Gilete Press trazia tanto poetas consagrados, como Ferreira Gullar, quanto marginais. Naquela edição de agosto de 1986, ele publicava “Bermuda Larga”, do carioca Chacal: “Muitos lutam por uma causa justa/ Eu prefiro uma bermuda larga/ Só quero o que não me encha o saco/ Luto pelas pedras fora do sapato”. Causas justas, no entanto, eram salpicadas ao longo das edições: “Não às armas atômicas”, “Extinção é para sempre” (um pouco óbvio, contra a matança de baleias), “Franquia postal para os alternativos!”, etc. Gilete Press ainda comentava notícias da imprensa, um espetáculo que ia do crítico ao cômico. Na mesma edição de agosto aparecia a matéria “Filme leva mais um a depor na Polícia Federal”, por conta de uma exibição de “JeVousSalue, Marie”, de Jean-Luc Godard, na Universidade Federal de Goiás. Ao lado, em uma frase solta no meio da página, Luiz Fafau ironizava: “Nova República também é cultura”.

Entre poemas engajados, o editor Luiz Fafau deixava claras a informalidade e a cordialidade do periódico, lançando no fim de algumas edições a frase “Um abraço ao pessoal que tem dado sempre um alô”. Era o caso de Jairo Jhade Galahade, editor do Mimeógrafo Generation (1986-1992?), em São Paulo.

O periódico paulista era um pouco diferente de Gilete Press. Com o boom dos textos mimeografados de escritores independentes e o crescimento da arte postal nos anos 1980 – quando poetas e artistas visuais divulgavam suas publicações pelo correio –, um gênero híbrido entre poemas e imagens se desenvolveu, flertando com a cultura pop (nem que fosse para criticá-la), empolgando-se com rock'n'roll, poemas-processo, quadrinhos e o movimento anarcopunk. Na época, muitos jovens editores divulgavam a poesia marginal junto com homenagens a seus ídolos, que iam de Oswald de Andrade a John Lennon. Assim nasciam os fanzines, publicações de “fãs”. O Mimeógrafo Generation não escapava a essa tendência.

Na edição de março de 1986, o Mimeógrafo publicava os poetas Touchê, Luiz Ruffato, Paulo Leminski e Marcelo Dolabela.

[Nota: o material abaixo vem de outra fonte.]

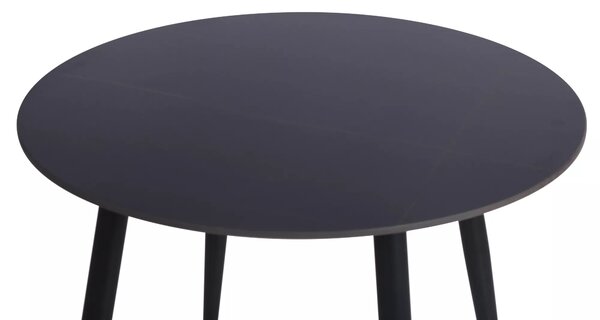 Signal Jedálenský stôl Rion fi90, matná čierna / matná čierna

Na capa da edição de setembro, uma poesia (provavelmente de Galahade) tinha seus versos cuspidos de uma garrafa de Coca-Cola: “Fórmula química secreta/ Gás miraculoso/ Xarope multinacional/ Marca registrada/ Sem valor comercial/ Matéria cultural/ Sem valor comercial/ Matéria sem valor”. Na seção “Let me Traduceslation”, no entanto, o lado “fã” do periódico aflorava. Ali, a canção “With a little help from my friends”, dos Beatles, virava “Com uma mãozinha de meus amigos” – versão assinada “Galahade/Lennon/McCartney”. O quinto beatle era então exposto. Jim Morrison ainda apareceria num número de 1992, apontando para o leitor e ordenando: “Mude hoje a fantasia”.

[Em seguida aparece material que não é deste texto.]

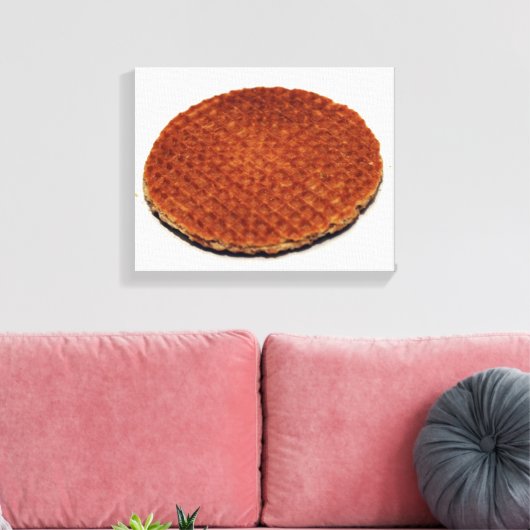 Stroopwafel Leinwanddruck (Insitu (Wohnzimmer))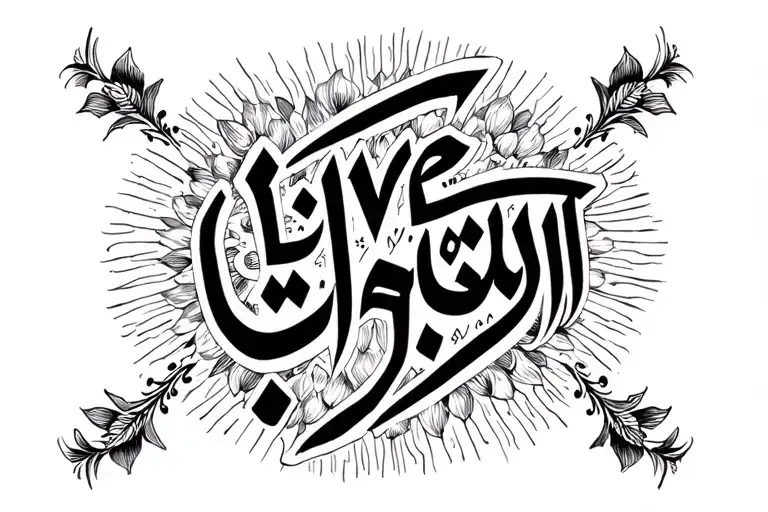 Live Without Limits In Arabic Writing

Como o Gilete Press, o Mimeógrafo Generation mandava recados para poetas: “Ruffato veio mesmo para Sampa! (...) ainda vamos encher a cara por aqui!”, “Márcio Almeida manda-me poema inédito (diz ele!) que é um chtz-chute no saco da poesia pra turista!” (o que quer que isso seja), ou ainda “Aricy Curvello aconselha os poetas da marginália a doarem um exemplar de suas obras (...) à Biblioteca Nacional (...). Pensando bem é uma boa!”. A maioria dos periódicos de poesia marginal na BN foi doada por Aricy. Foi mesmo uma boa.

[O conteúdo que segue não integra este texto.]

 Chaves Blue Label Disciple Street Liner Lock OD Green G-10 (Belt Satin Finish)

Nem sempre os periódicos de poesia marginal ficavam “entre amigos”. Antecipando o Creative Commons, organização que atualmente visa ao compartilhamento de obras criativas com menos restrições de direitos autorais, parte deles simplesmente transcrevia autores de seu gosto, sem pedir autorização. Uma vez, consultado pelo Setor de Periódicos da Biblioteca Nacional sobre textos seus no mimeografado O Berração, sem registro de local, o escritor curitibano Cristóvão Tezza se surpreendeu: “Confesso que não tenho a menor lembrança do que seja.Você pode me dizer que texto meu está no pacote?" Naquele tempo, ninguém era de ninguém.